If new Quds Force Commander Esmail Ghaani “follows a similar path of killing Americans, he will meet the same fate,” Hook said. “The president has made clear for years that any attacks against American personnel or interests in the region will be met with a decisive response.”

“This is not a new threat,” Hook continued. “I think the regime now understands that they cannot attack America at will, and expect to get away with it. So we will hold the regime and its proxies accountable for any attacks on Americans, or on American interests in the region.”

President Donald Trump ordered the killing of Soleimani on January 2 after an Iranian-backed proxy militia killed an American contractor in Iraq. Six days later, Iran responded with its own counterstrike, launching 16 missiles total at the al-Asad airbase and another site in Iraq’s north. No one was killed, but at least 11 US military members received injuries, such as concussions, requiring them to receive further care in Germany and Kuwait.

Since the Iranian response — which accidentally resulted in the downing of a Ukrainian passenger jet — the chance of a full-blown war with Iran has tamped down. But Hook’s comment could make tempers flare, as the Trump administration has now openly threatened to kill another key member of Iran’s military. Hook is right to note that Trump has been consistent regarding his red line — the US responds forcefully when an American is killed — but stating it so brazenly and explicitly in these terms is a whole other matter.

“It’s wildly inappropriate and dangerous for an American diplomat to openly threaten individual assassinations of Iranian military commanders,” Suzanne Maloney, an Iran expert at the Brookings Institution think tank in Washington, told me. “There is a rhetorical and substantive difference between promising tough, decisive US responses to any attacks on Americans vice specific threats to kill individual commanders — especially from a State Department official.”

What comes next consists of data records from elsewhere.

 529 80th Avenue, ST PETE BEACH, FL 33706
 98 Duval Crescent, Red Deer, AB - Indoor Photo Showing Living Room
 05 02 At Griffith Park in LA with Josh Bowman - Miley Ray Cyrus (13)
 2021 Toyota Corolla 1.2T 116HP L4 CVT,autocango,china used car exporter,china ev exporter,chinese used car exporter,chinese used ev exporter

The White House and Pentagon didn’t immediately respond to a request for comment on whether or not taking Ghaani out, should Iran kill an American, is official US policy.

Who is Esmail Ghaani?

An unintended consequence of Hook’s interview, perhaps, is that it elevates Ghaani’s stature. Being a clear American target could give him more cachet among his troops and some regime officials. That’d be quite a development for the secretive military leader who now has to come out of the shadows to take over for Soleimani, a high-profile military leader for two decades.

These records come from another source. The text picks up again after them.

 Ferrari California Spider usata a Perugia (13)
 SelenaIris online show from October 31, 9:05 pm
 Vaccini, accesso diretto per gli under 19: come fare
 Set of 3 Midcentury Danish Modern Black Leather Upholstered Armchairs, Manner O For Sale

Ghaani, like Soleimani, fought in the Iraq-Iran war of the 1980s, joining the newly formed Quds Force. But the now 62-year-old has remained a largely unknown figure, though he has been a prominent member of the Iranian military for years. That longevity seemingly brought him close to his predecessor. “We are children of war,” Ghaani once said of Soleimani, according to Iran’s state-run IRNA news agency. “We are comrades on the battlefield and we have become friends in battle.”

One thing is clear, though: He’s not a fan of America. “If there were no Islamic Republic, the US would have burned the whole region,” Ghaani has said.

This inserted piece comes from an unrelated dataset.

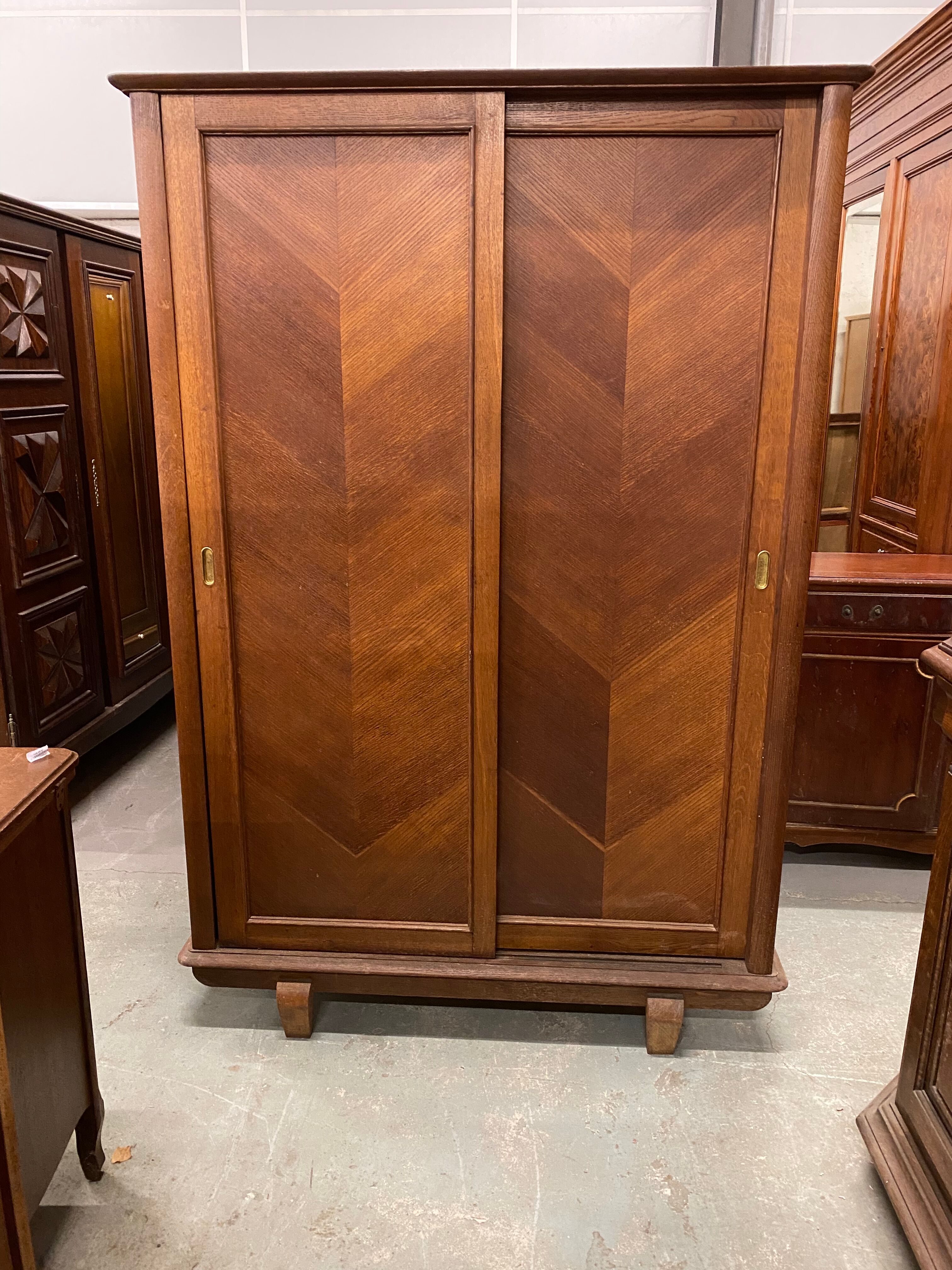 School cabinet sliding door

So far, Ghaani has remained somewhat elusive and not as public as Soleimani was. He may still be biding his time before taking on the public mantle he’s expected to assume.

The new commander, then, will likely continue Soleimani’s policy of trying to export Iranian influence throughout the Middle East and thwart American aims in the region. Whether or not Hook’s warning will deter him from going a step too far, though, will only be known with time.